About this task — Exactly the lines from the one with "Master Fitness Spin Outdoor Gym Cycle" through the end of the data below must be set down, and no pictures with them.

---------- Data provided ----------

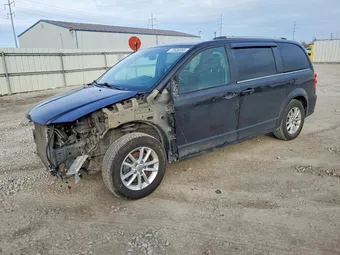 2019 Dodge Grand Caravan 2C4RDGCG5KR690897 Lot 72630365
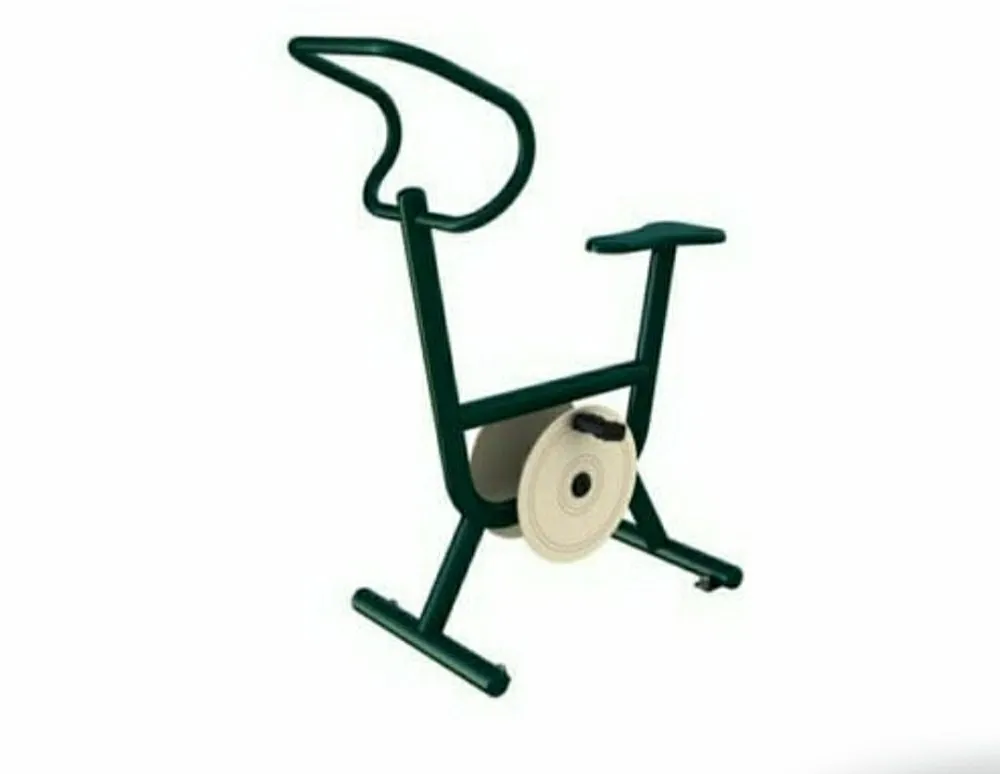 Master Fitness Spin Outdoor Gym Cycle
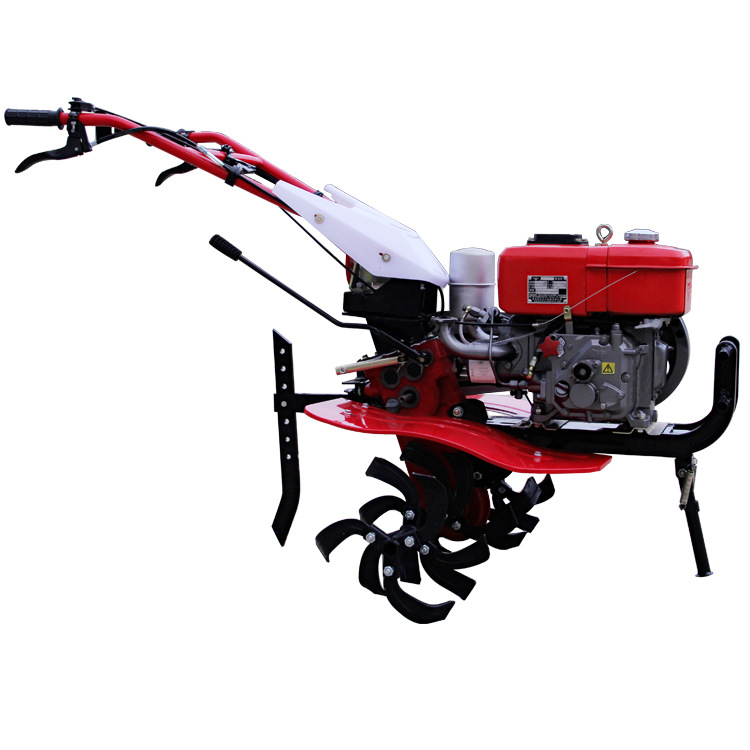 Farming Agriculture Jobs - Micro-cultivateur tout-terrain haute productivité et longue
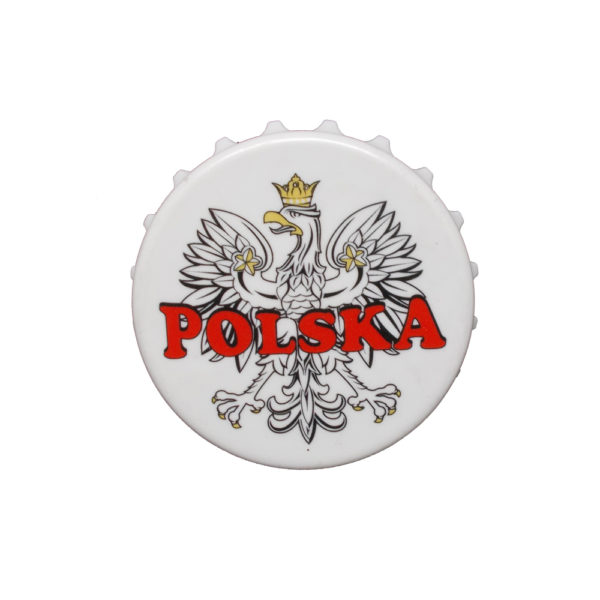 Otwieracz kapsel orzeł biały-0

----------

Response to the exercise —
 Master Fitness Spin Outdoor Gym Cycle
 Farming Agriculture Jobs - Micro-cultivateur tout-terrain haute productivité et longue
 Otwieracz kapsel orzeł biały-0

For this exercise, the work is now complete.